Entre abraços, brindes e recordações, o Solar dos Presuntos reuniu dezenas de rostos conhecidos da sociedade portuguesa para homenagear o seu fundador, Evaristo Cardoso. Um momento de celebração da memória, da amizade e da continuidade de um legado.
Por Hélder Ramalho | 13 de fevereiro de 2026 às 17:26
Foto: Mariline Alves
Foto: Mariline Alves
Foto: Mariline Alves
Foto: Mariline Alves
Foto: Mariline Alves
Foto: Mariline Alves
Foto: Mariline Alves
Foto: Mariline Alves
Foto: Mariline Alves

No coração de Lisboa, o emblemático Solar dos Presuntos voltou a encher-se de vozes conhecidas, abraços demorados e memórias partilhadas. Na quarta-feira, dia 11, o histórico restaurante, uma das grandes referências gastronómicas da capital, recebeu um almoço de homenagem a Evaristo Cardoso, fundador e a alma desta casa, falecido em 2022.

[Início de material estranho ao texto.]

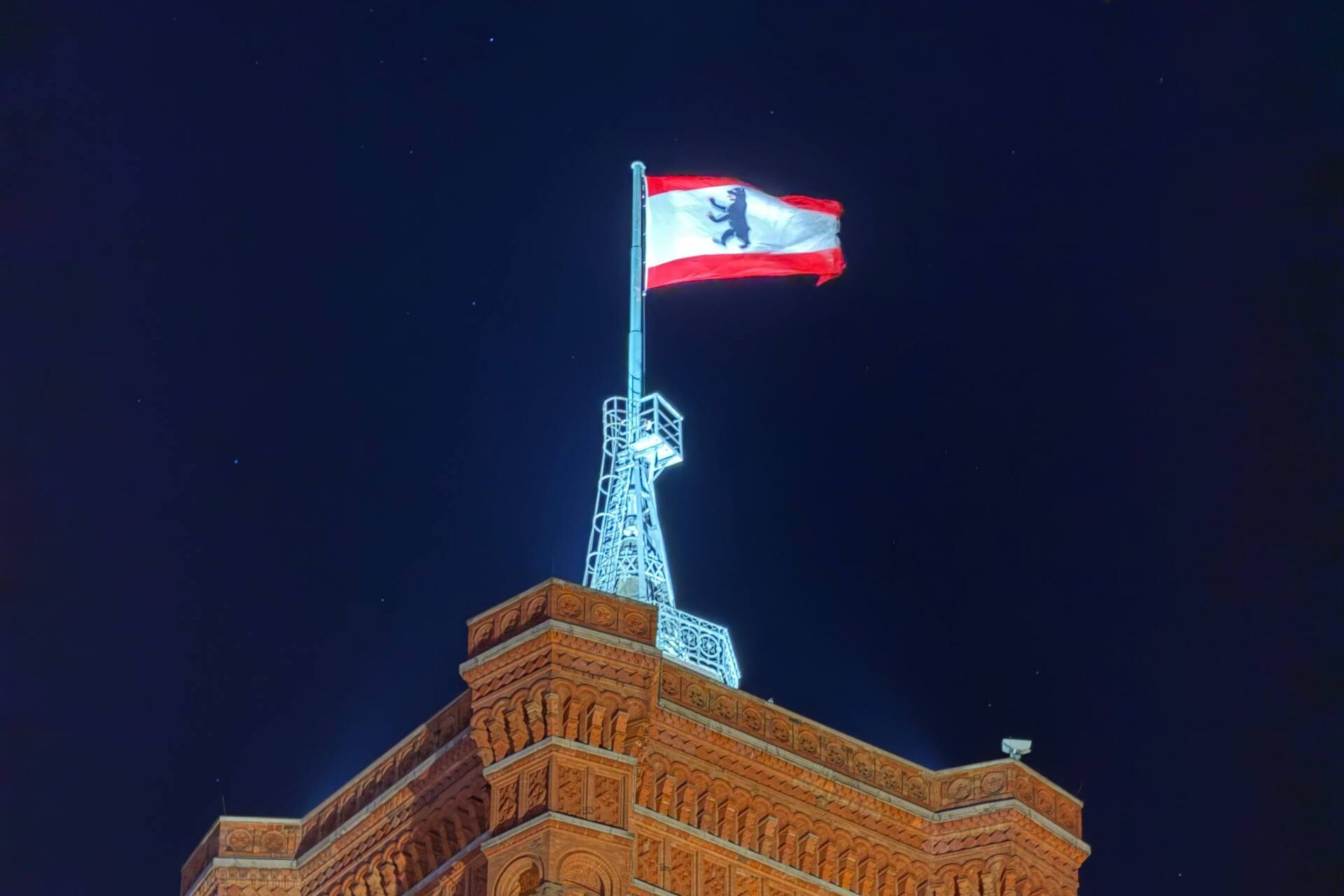 Turm eines Backsteingebäudes bei Nacht mit beleuchtetem Wappenflaggenmast und Uhrfenstern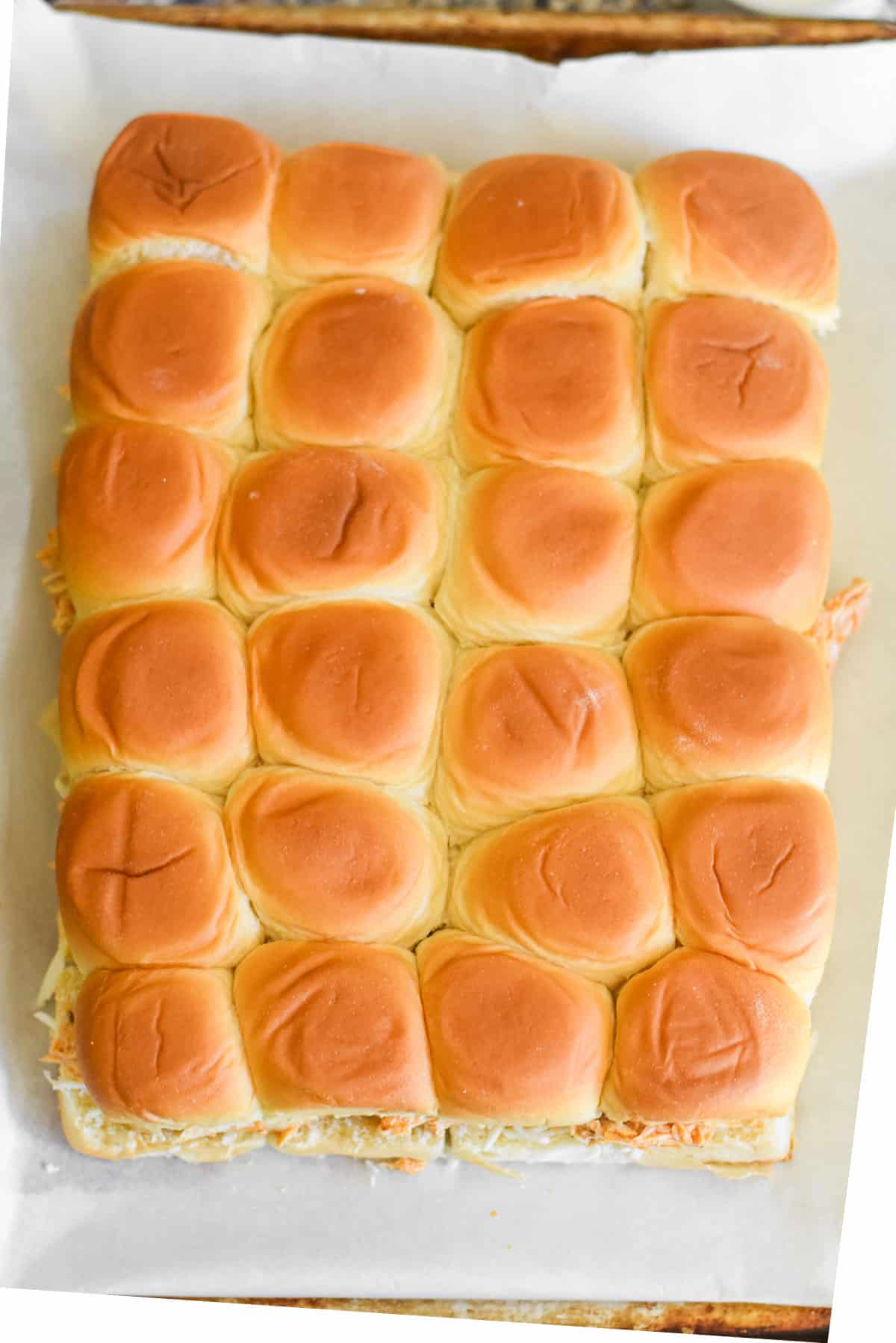 Slider sandwiches on a sheet pan.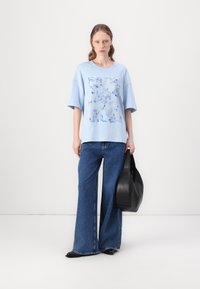 Light blue oversized t-shirt featuring a floral print, paired with wide-leg blue jeans and carrying a black tote bag.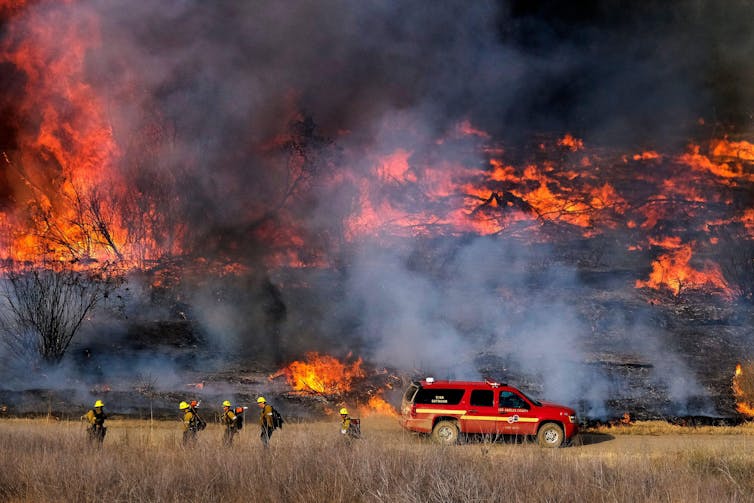 Firefighters and firetruck in foreground, raging fire behind.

A iniciativa reuniu dezenas de amigos e figuras públicas de diferentes quadrantes da sociedade portuguesa, do desporto às artes, passando pela política e pelo mundo empresarial. Num ambiente marcado pela emoção e pela cumplicidade, celebrou-se não apenas a memória de um homem, mas o legado de uma instituição que atravessa gerações.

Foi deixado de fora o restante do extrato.